As a longtime instruction librarian, I was pleased when the board of the Association of College and Research Libraries (ACRL) adopted the Framework for Information Literacy for Higher Education. What I appreciated most was that the Framework included not just mechanical information skills that students need to master but dispositions and habits of mind that are critical to the process of information seeking. It wasn’t presented as a linear list of skills—a welcome change, since information seeking rarely happens in a straight line. The document better reflected the reality I was working in every day.

In some ways, the Framework was a major departure from ACRL’s previous Information Literacy Competency Standards for Higher Education. Organized around six information literacy threshold concepts, the Framework is not an exhaustive list of threshold concepts or dispositions and practices. Instead, its developers encouraged libraries to determine their own programmatic learning outcomes based on local concerns. For some, this was a welcome recognition of the importance of considering context. For others, the lack of a list of criteria was a stumbling block.

Not surprisingly, the Framework has had its share of critics and champions. Notable criticisms include an open letter against it written by librarians in New Jersey, instruction librarian Lane Wilkinson’s philosophical deconstruction of it, and librarian Christine Bombaro’s essay that asserts it is elitist.

Concerns have been raised that the Framework requires libraries to toss their Standards-based outcomes. I don’t believe this to be true. Many libraries are mapping their existing outcomes to the Framework, and others are using each “frame” as a lens through which to look at and redefine their outcomes. In the end, a library’s outcomes should best reflect its local context, so if existing outcomes are working well, engagement with the Framework does not require throwing anything away.

Creating a guiding document for information literacy that pleases everyone seems nearly impossible.
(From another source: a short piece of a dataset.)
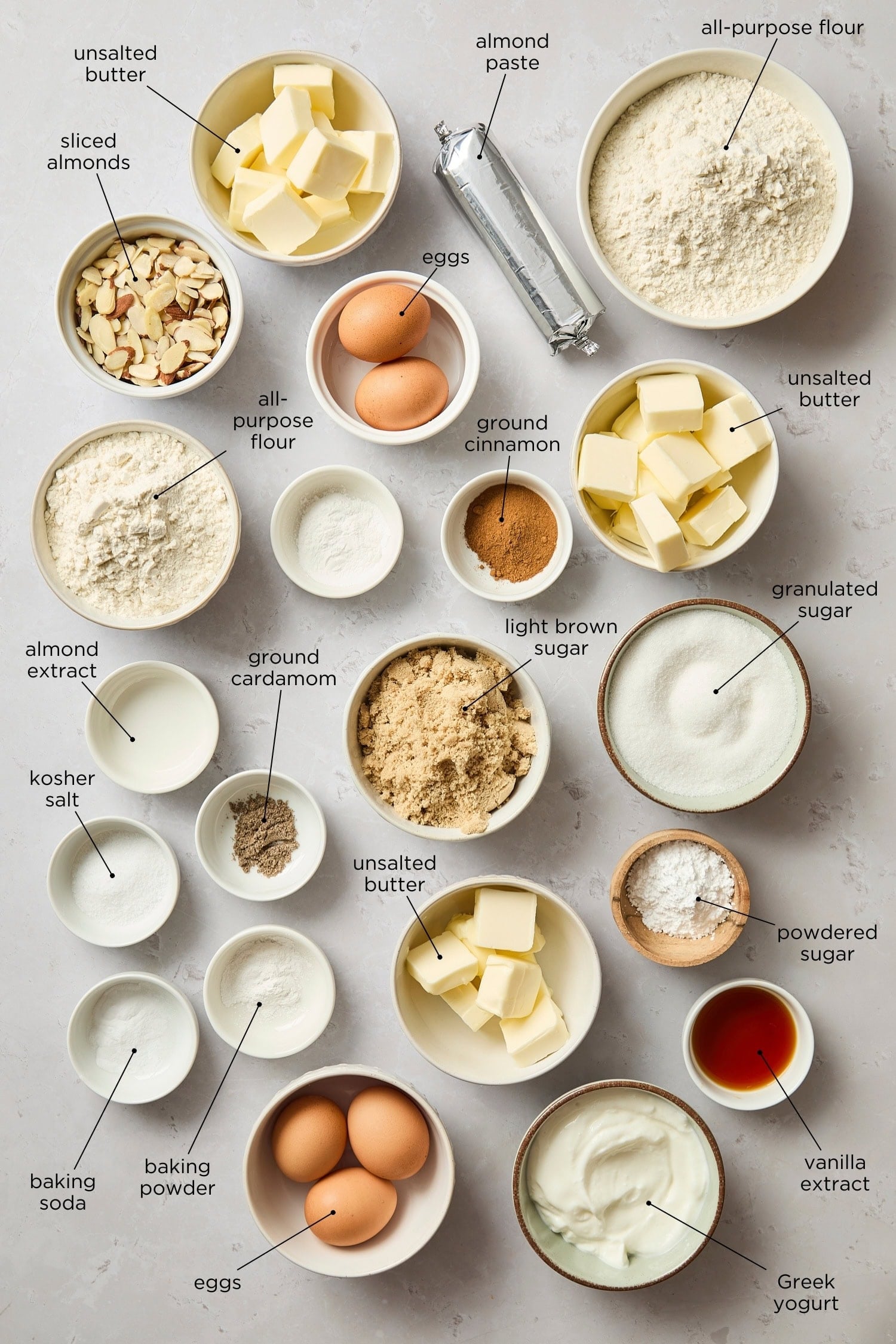 Concrete surface with ingredients for a frangipane coffee cake including almond paste, sugar, flour, butter, and more.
Another critique centers on its reliance on learning theories that were not widely embraced by the profession. Some felt that the Framework depends too heavily on threshold concepts and metaliteracy. I may not have based a foundational professional document on the same theories, but I believe that librarians do not need a deep understanding of these theories to learn from and teach with the Framework.

For those looking to engage with the Framework in practical ways, some great opportunities exist. The Minnesota Library Association developed 23 Framework Things, a self-paced learning program. For teaching, Project CORA and the ACRL Framework for Information Literacy Sandbox are full of lessons, activities, and assignments created by instruction librarians and disciplinary faculty and tied to specific frames.

Our profession is as varied as our student populations, and the idea of creating a guiding document for information literacy that pleases everyone seems nearly impossible. Embracing the Framework does not require librarians to scrap everything they’ve done in their instruction programs. It simply provides new ways of looking at information literacy, what we do as teachers, and what our students do as information seekers.

In the end, as librarian Jacob Berg wrote in his response to the New Jersey librarians’ open letter, “It was possible to do an excellent job of teaching information literacy under the old Standards, and that remains the case. It was also possible to do a lousy job.… The same is true of the Framework.”

It has enriched my own teaching as I’ve made incremental changes toward instructional improvement and better facilitating student learning. It is not the Framework but the librarians and our disciplinary faculty partners who determine the quality of instruction our students receive.